Освоение — процесс творческий. Он не должен, не смеет стать механическим. Вспоминается мне первое наше знакомство с Лениным, задолго до сложившихся форм партучебы. То были годы выхода первого издания его сочинений, в еще очень бедных, светло-палевых, гнущихся под руками обложках. Помню, когда раскрылись передо мною эти тома, я испытала не то страх, не то разочарование: все в них мне показалось движущимся, возражающим, отвечающим на возражения — сплошь полемическим, и только полемическим, и, честно говоря, я не знала, как это все уляжется в моей голове, да и как за это попросту взяться.

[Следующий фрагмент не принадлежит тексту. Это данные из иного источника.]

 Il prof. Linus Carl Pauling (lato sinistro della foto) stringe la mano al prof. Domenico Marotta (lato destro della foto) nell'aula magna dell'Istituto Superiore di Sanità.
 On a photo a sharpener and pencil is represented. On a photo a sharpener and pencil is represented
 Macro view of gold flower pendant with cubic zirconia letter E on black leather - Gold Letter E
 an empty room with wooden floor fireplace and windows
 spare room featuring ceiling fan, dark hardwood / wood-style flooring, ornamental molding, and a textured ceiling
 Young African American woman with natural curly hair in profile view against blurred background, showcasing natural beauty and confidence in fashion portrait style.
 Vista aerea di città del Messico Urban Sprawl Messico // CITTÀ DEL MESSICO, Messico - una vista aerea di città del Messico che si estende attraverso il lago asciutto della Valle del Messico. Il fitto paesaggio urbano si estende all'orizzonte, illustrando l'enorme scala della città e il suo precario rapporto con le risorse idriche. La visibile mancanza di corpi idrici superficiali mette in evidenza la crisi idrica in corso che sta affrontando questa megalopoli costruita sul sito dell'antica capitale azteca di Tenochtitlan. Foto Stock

Закончив в дореволюционное время историко-философский факультет, где главными моими учителями были идеалист Челпанов и юмист Н. Д. Виноградов, я привыкла видеть истины неподвижными, как звезды в ночном небе, все равно, даются ли они абсолютными у идеалиста или предметом для сомнения у скептика. Но тут «небо в звездах» закружилось над моей головой, мысли в ней сталкивались, как отраженные от удара мечом, рождались от других таких ударов, и было неизвестно, существуют ли они сами по себе, вне ударов и без ударов о чужие мысли, есть ли вообще абсолютные утверждения в сплошной полемике, как их искать, где их искать, что это за метод — полемически раскрывать перед человечеством новую систему?

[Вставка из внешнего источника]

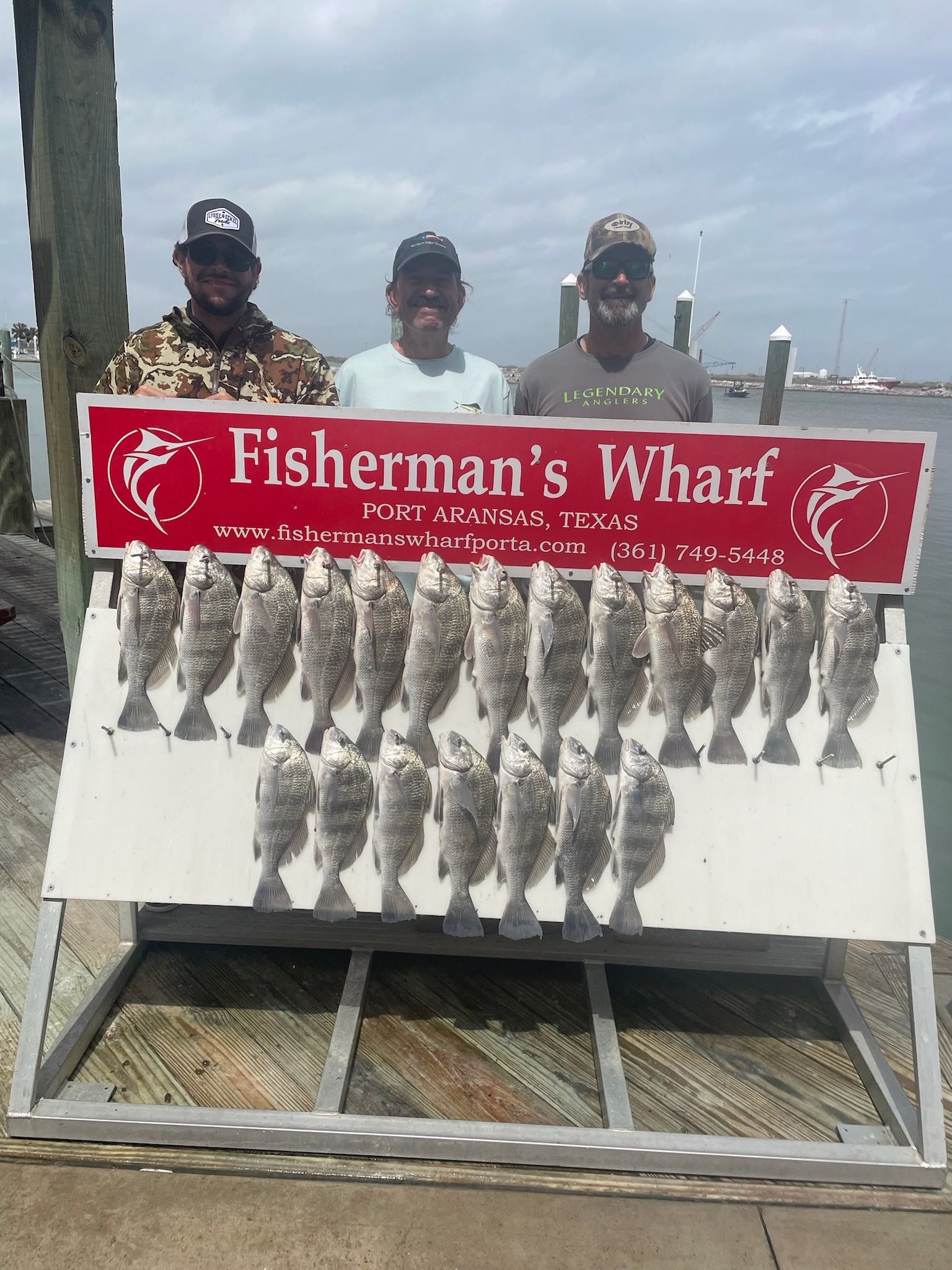 Three men are standing in front of a sign that says fisherman 's wharf.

И вот, очутившись впервые перед полемической манерой Ленина, я решила — с нахальством новичка — «оправдать» ее перед собой, ища какое-нибудь сравнение с прошлым, с классической философией. Мне уже было известно (и страшно нравилось!), что Ленин любил классическую латынь (мне тоже пришлось в свое время «сдавать» латынь и греческий), а кто-то из писателей, кажется, Сергей Третьяков, нашел даже в прозе Ленина сходство с латинским синтаксисом. И тут вдруг «звезды в небе» перестали надо мной кружиться и остановились. Я вспомнила Платона. А Федр, а Феэтет, а Симпозион, а Федон, а Тимей Платона, из которых человечество извлекло позднее стабильные истины, — разве они не были диалогами, ударами меча о меч, вопросами и ответами? А любимые мною «Беседы о торговле зерном» аббата Галиани, — разве не были они на границе диалектического материализма своими полемическими зигзагами вопросов и ответов? Разве в поэзии не выросла трагически из полемики человека с дьяволом, Мефистофеля с Вечно-Женственным, бессмертная вершина человеческой мысли — «Фауст» Гёте? Тот самый «Фауст» Гёте, томик которого, единственный из художественной литературы, кроме еще стихов Некрасова, взят был Ильичем в далекий путь своей первой долгой эмиграции? И вообще разве полемика — не главный метод для оттачивания своей истины, своей философской позиции с древнейших времен? Так, подкрепив себя Платоном, Галиани и вечной своей любовью к Гёте, я стала вчитываться в первое издание Ленина, со страницы на страницу, подбирая искорки от ударов его меча, выписывая их для памяти. И только многие годы спустя научилась понимать звезды-искорки в их глубокой связи с целым — со всем, что писал Ильич.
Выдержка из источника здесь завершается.